DATA FOR PROCESSING:

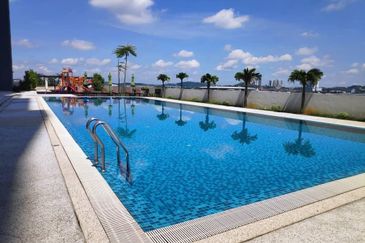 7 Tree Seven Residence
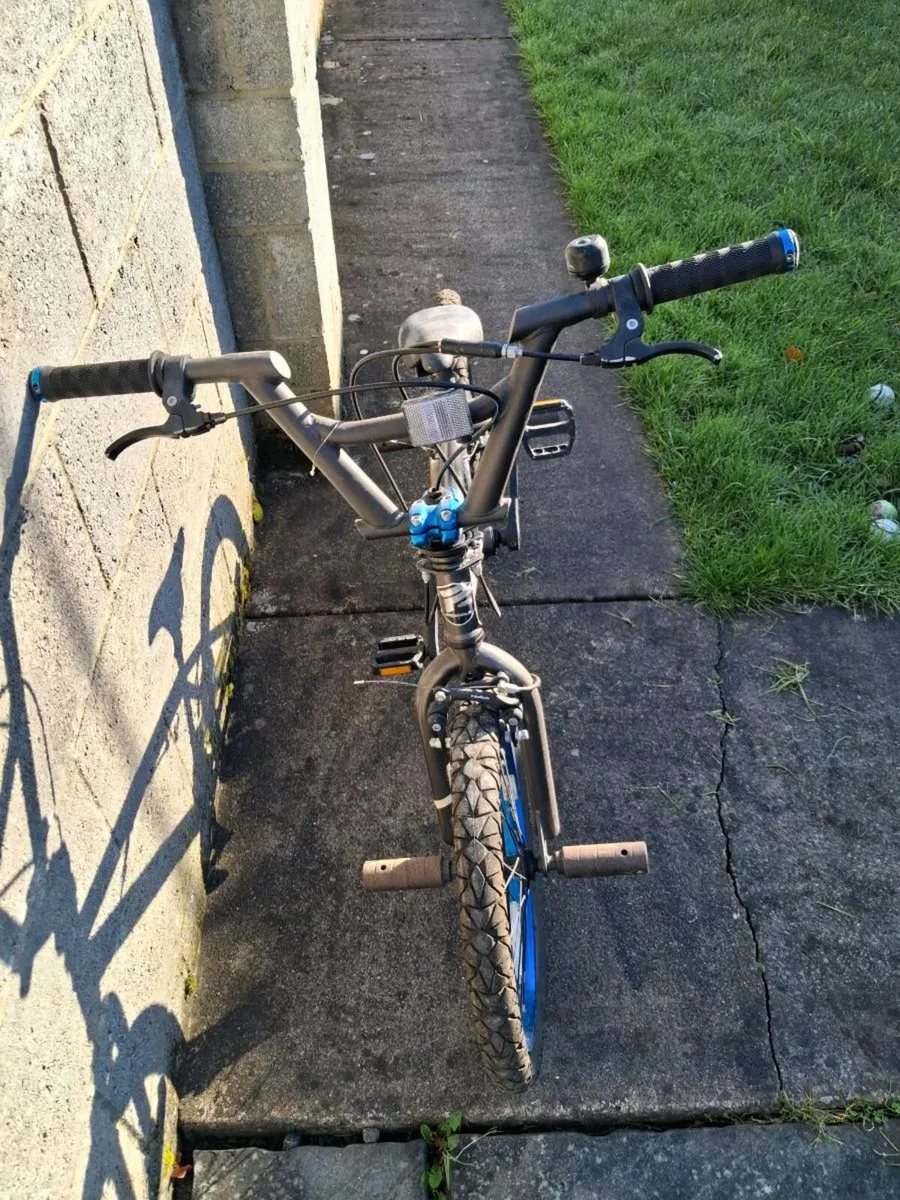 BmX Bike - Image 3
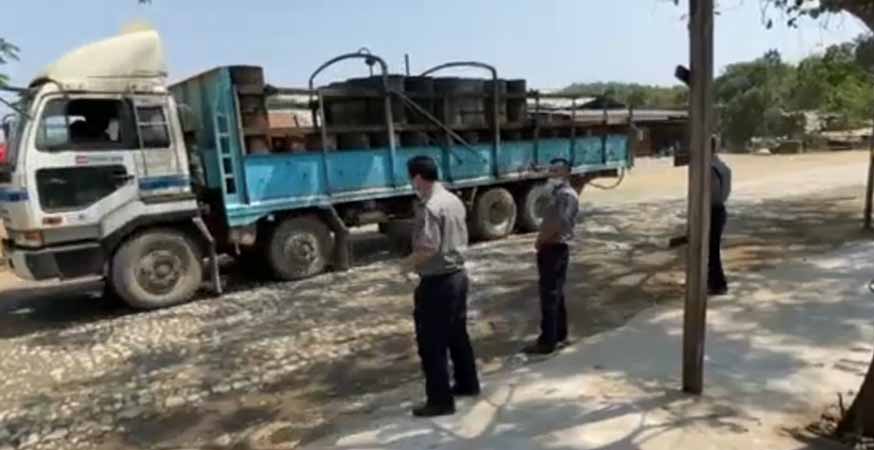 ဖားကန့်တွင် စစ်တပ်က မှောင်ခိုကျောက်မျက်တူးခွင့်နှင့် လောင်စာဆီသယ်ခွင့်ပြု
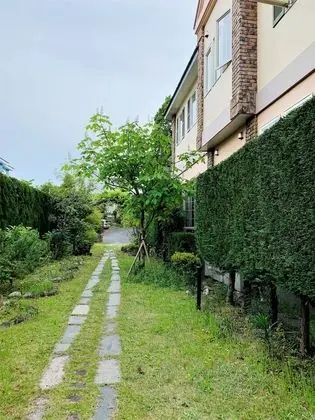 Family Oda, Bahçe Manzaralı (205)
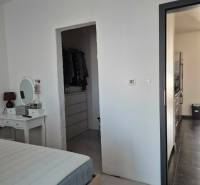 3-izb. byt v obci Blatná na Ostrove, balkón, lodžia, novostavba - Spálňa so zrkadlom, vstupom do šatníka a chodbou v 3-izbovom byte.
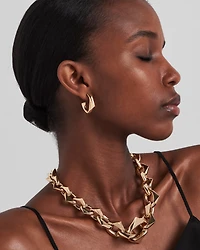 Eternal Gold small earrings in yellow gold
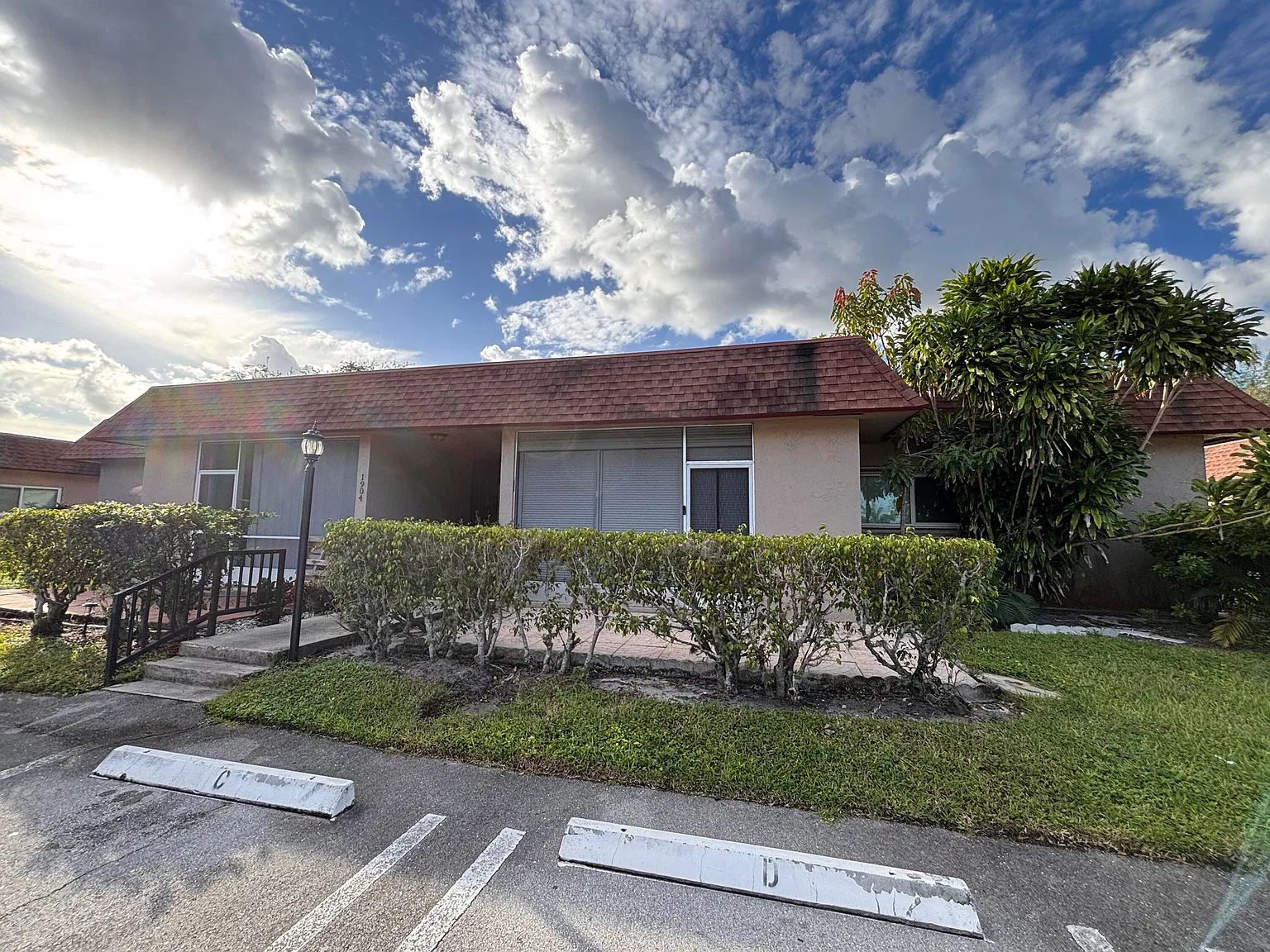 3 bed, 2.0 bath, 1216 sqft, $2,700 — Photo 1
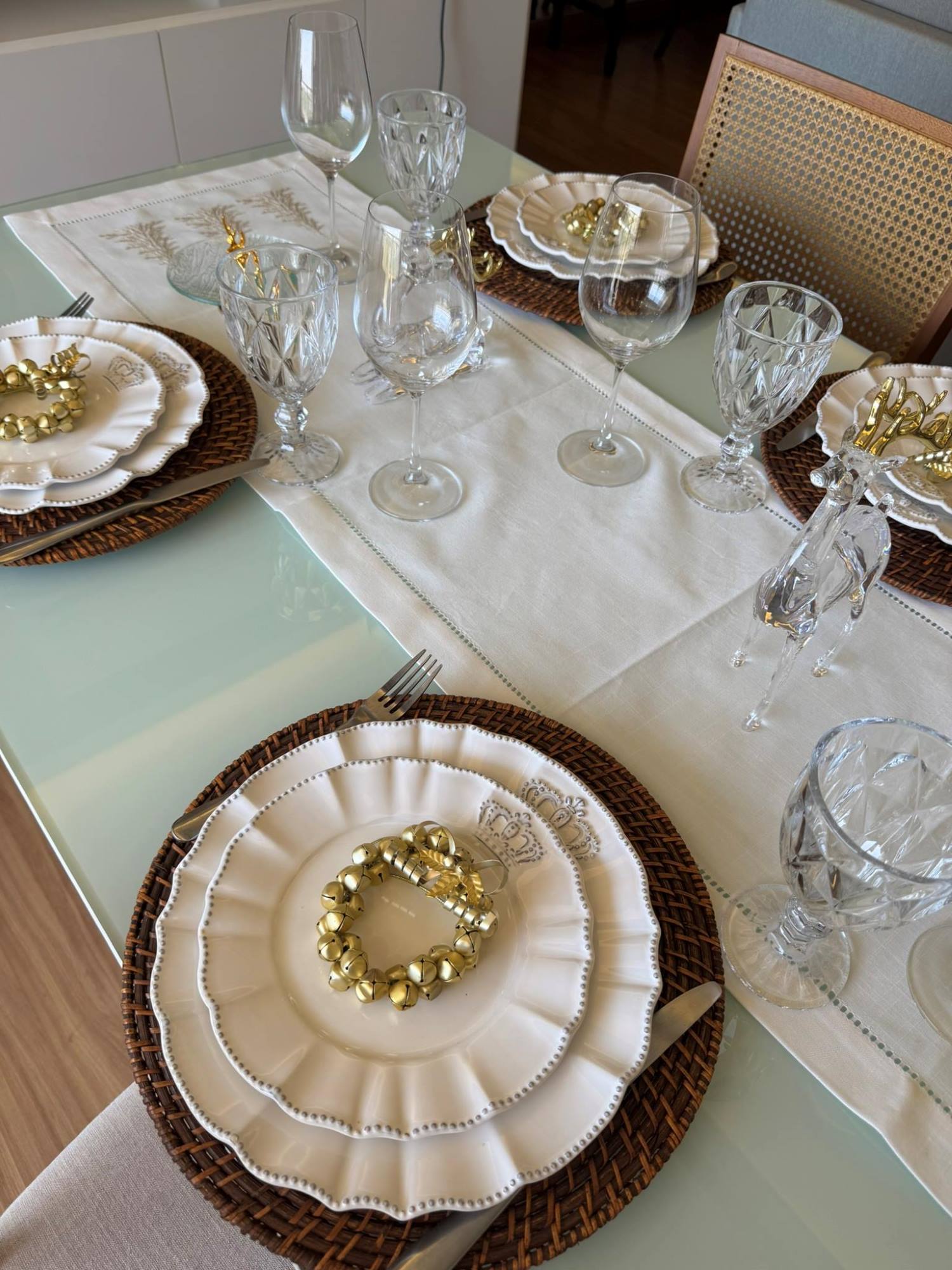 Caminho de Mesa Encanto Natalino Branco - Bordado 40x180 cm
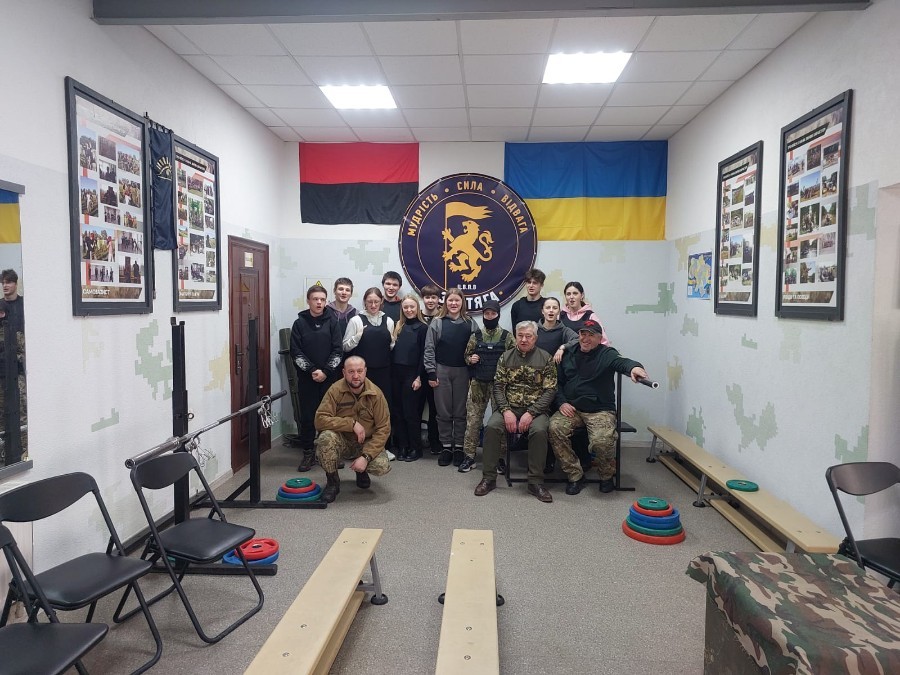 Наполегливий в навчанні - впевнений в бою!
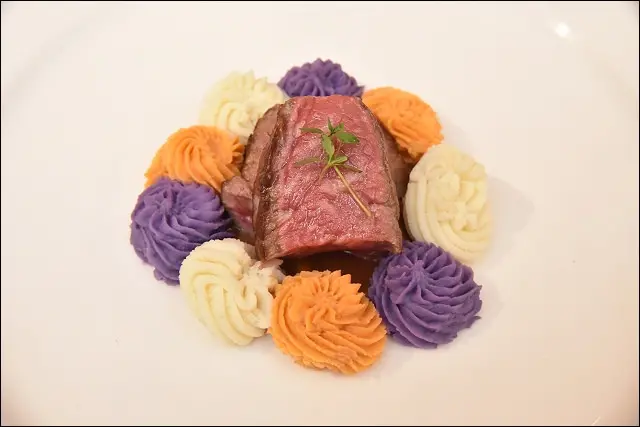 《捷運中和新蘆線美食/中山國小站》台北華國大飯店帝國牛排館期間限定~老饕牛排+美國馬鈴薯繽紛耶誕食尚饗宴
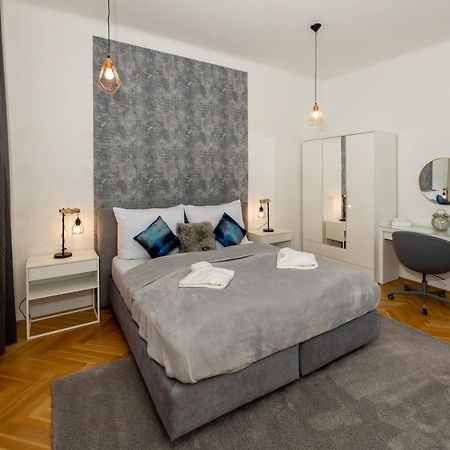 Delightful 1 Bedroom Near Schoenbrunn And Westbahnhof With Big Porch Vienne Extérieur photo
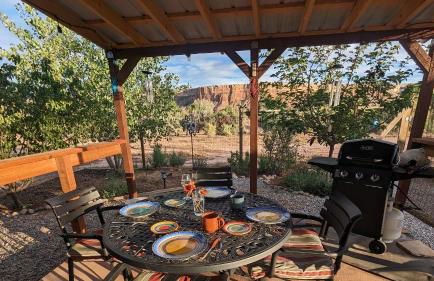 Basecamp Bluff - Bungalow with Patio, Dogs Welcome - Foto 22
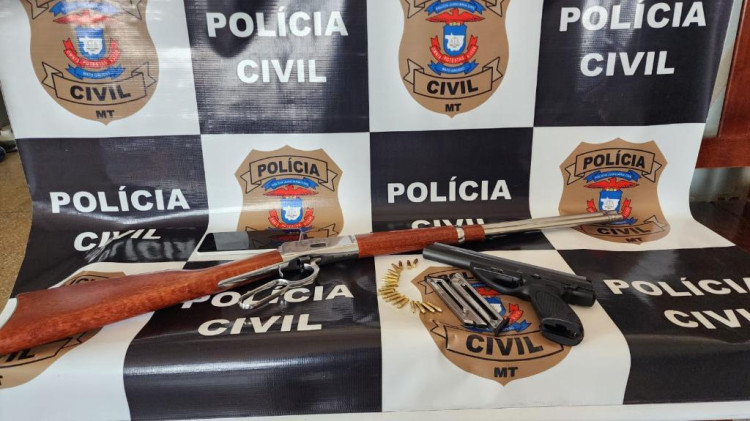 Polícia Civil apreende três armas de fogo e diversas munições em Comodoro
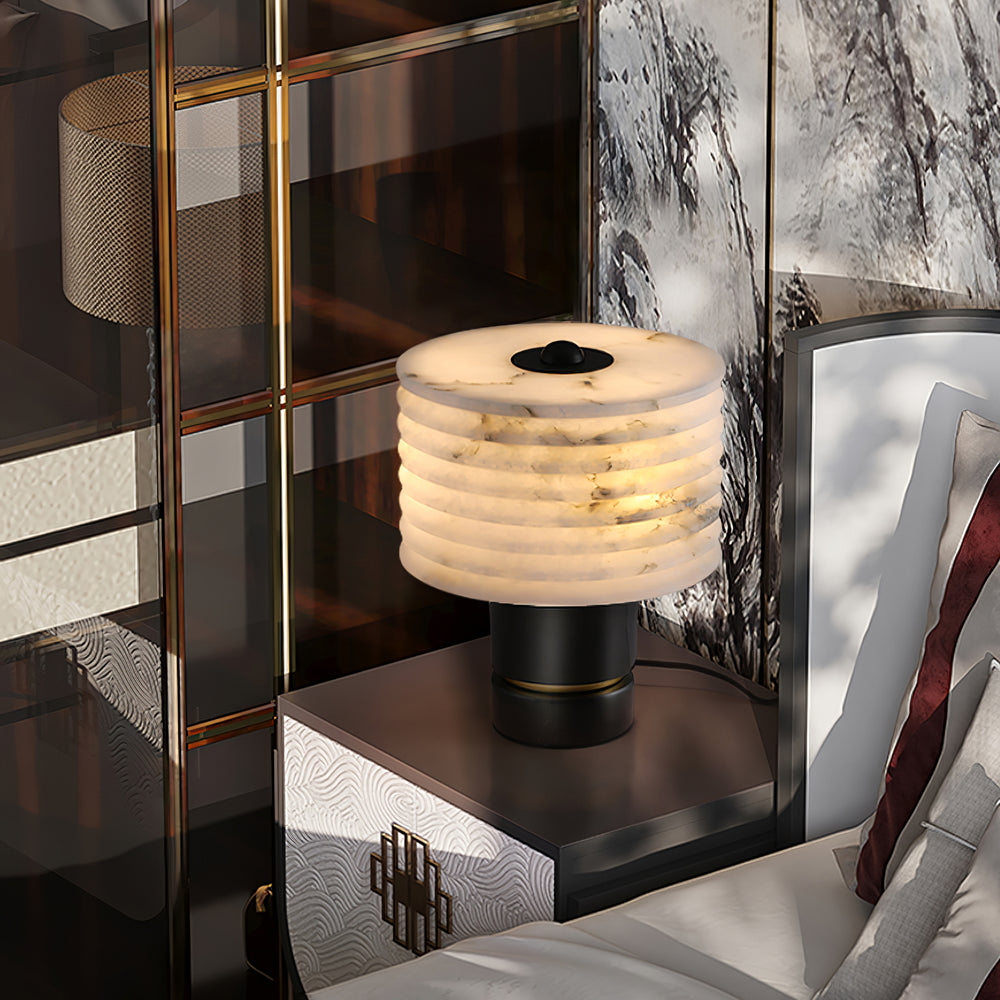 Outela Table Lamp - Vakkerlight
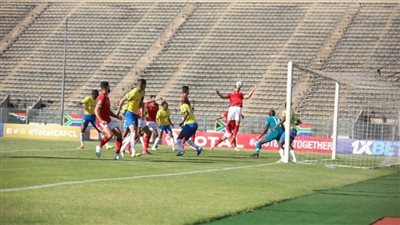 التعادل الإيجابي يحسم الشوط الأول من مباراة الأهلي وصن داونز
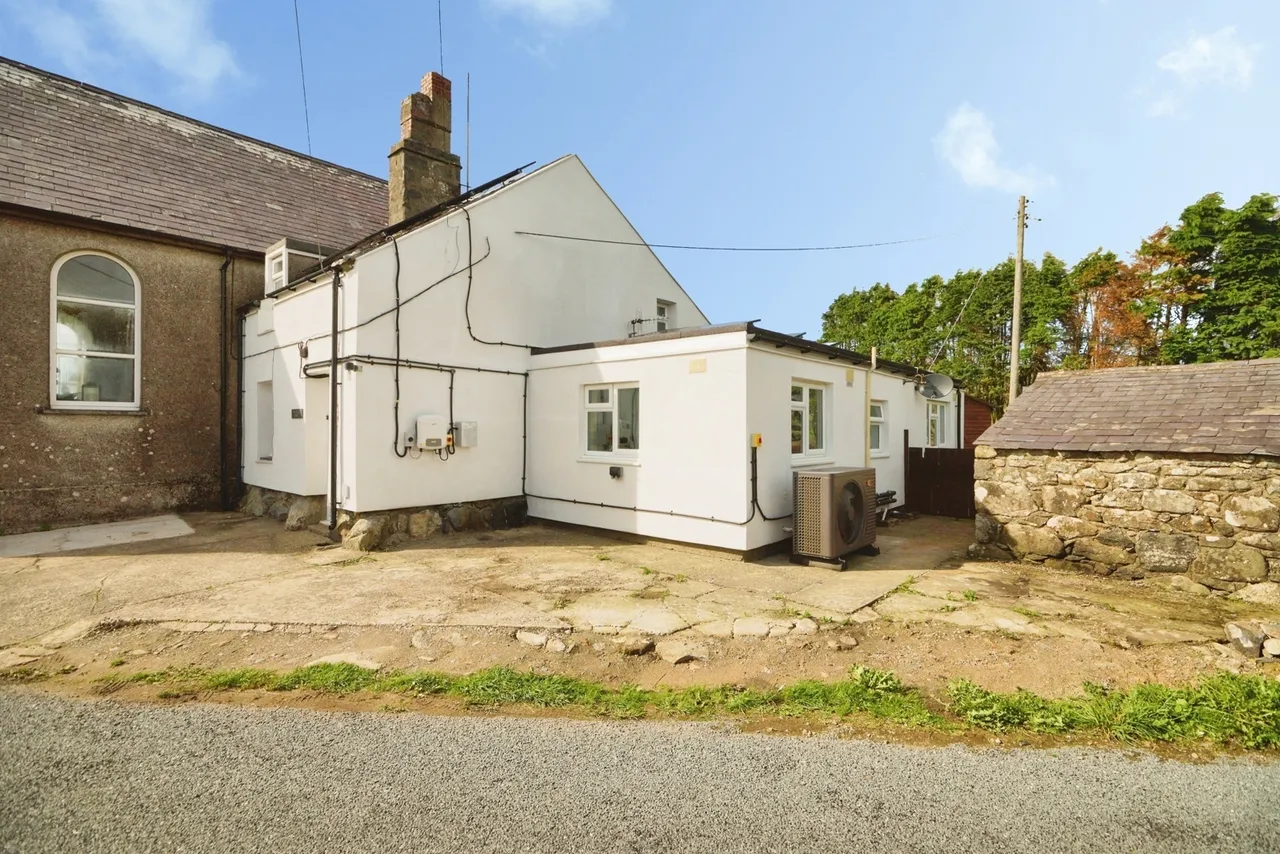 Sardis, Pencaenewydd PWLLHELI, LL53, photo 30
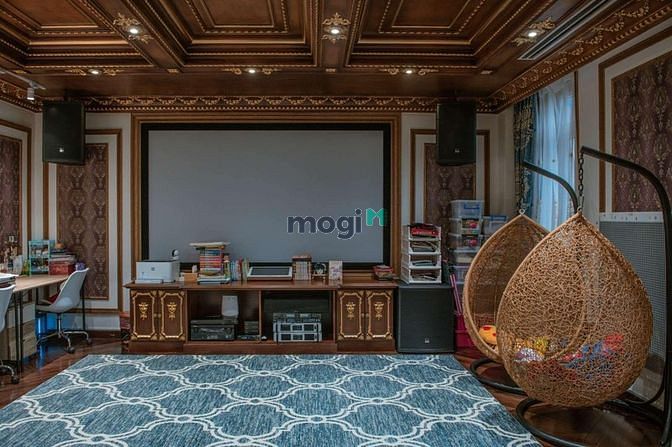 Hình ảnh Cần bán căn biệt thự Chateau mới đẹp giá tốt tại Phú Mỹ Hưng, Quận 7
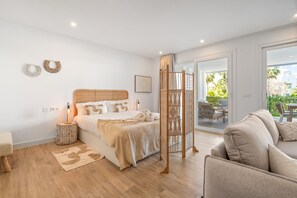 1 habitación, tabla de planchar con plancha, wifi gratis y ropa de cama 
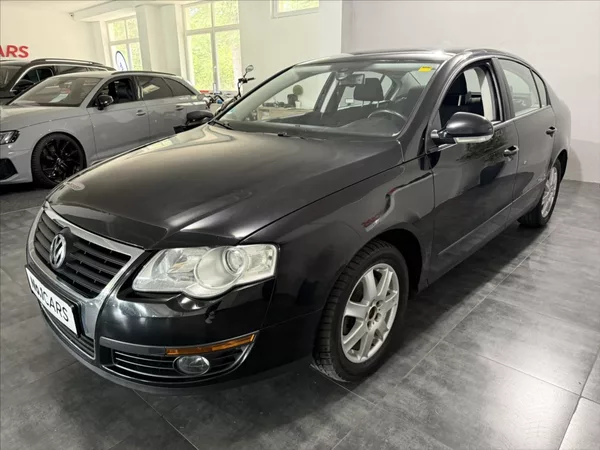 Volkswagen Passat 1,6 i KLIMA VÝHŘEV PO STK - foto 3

TRY IT: Retype every record above word for word, leaving out any pictures.

EXERCISE RESULT:
 7 Tree Seven Residence
 BmX Bike - Image 3
 ဖားကန့်တွင် စစ်တပ်က မှောင်ခိုကျောက်မျက်တူးခွင့်နှင့် လောင်စာဆီသယ်ခွင့်ပြု
 Family Oda, Bahçe Manzaralı (205)
 3-izb. byt v obci Blatná na Ostrove, balkón, lodžia, novostavba - Spálňa so zrkadlom, vstupom do šatníka a chodbou v 3-izbovom byte.
 Eternal Gold small earrings in yellow gold
 3 bed, 2.0 bath, 1216 sqft, $2,700 — Photo 1
 Caminho de Mesa Encanto Natalino Branco - Bordado 40x180 cm
 Наполегливий в навчанні - впевнений в бою!
 《捷運中和新蘆線美食/中山國小站》台北華國大飯店帝國牛排館期間限定~老饕牛排+美國馬鈴薯繽紛耶誕食尚饗宴
 Delightful 1 Bedroom Near Schoenbrunn And Westbahnhof With Big Porch Vienne Extérieur photo
 Basecamp Bluff - Bungalow with Patio, Dogs Welcome - Foto 22
 Polícia Civil apreende três armas de fogo e diversas munições em Comodoro
 Outela Table Lamp - Vakkerlight
 التعادل الإيجابي يحسم الشوط الأول من مباراة الأهلي وصن داونز
 Sardis, Pencaenewydd PWLLHELI, LL53, photo 30
 Hình ảnh Cần bán căn biệt thự Chateau mới đẹp giá tốt tại Phú Mỹ Hưng, Quận 7
 1 habitación, tabla de planchar con plancha, wifi gratis y ropa de cama 
 Volkswagen Passat 1,6 i KLIMA VÝHŘEV PO STK - foto 3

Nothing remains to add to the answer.